What the Experts Are Saying About Moving Beyond HIV Stigma

In our roundtable discussion, experts urge a better understanding of the epidemic among African-Americans.

BY Andrew Harmon

April 30 2012 3:03 PM ET

4. Good data drives policy.

In the 2011 report “The Health of Lesbian, Gay, Bisexual, and Transgender People: Building a Foundation for Better Understanding,” the Institute of Medicine laid out a game plan for better serving the health needs of LGBT people. Central to that plan is a data-driven approach — one that can show in concrete terms where American health care can better address gay and transgender health issues.

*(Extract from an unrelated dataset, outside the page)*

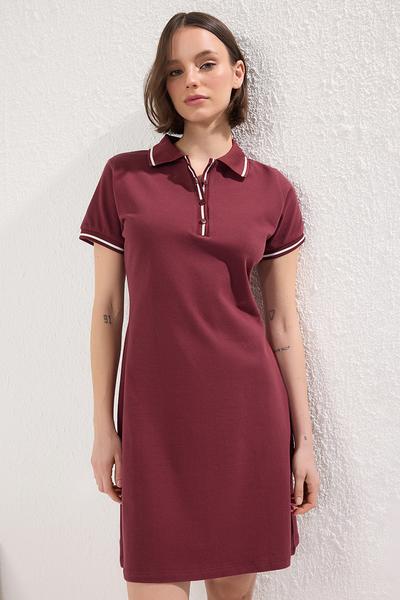 ミストレアス Side Volume Contrast Collar Dress Sleeveless Contrast Collar Dress - Black – LEGiT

Problem is, the data on LGBT Americans isn’t yet there, and as a result, there's insufficient understanding of how sexual orientation and gender identity interact with race and ethnicity in regard to HIV/AIDS and other health crises. Under Secretary Sebelius, HHS has sought to remedy this and will begin including sexual orientation questions in the 2013 version of its 100,000-respondent National Health Interview Survey (when the survey may also add gender identity questions is currently unclear). The data collected could greatly enhance understanding of how race and sexuality influence health care access and quality.

Hutson Inniss, executive director, National Coalition for LGBT Health: The importance of understanding what’s happening in our communities is huge. And when Secretary Sebelius designated sexual orientation as an additional population, it was a significant step forward. This is the major work that many of us advocates and academics do. It’s a move toward real change, in part because of the passage of the Affordable Care Act.

5. Marriage equality is a good thing, and so is the drive to achieve it. But this effort shouldn’t keep us from addressing the needs of those living with HIV and struggling for basic survival.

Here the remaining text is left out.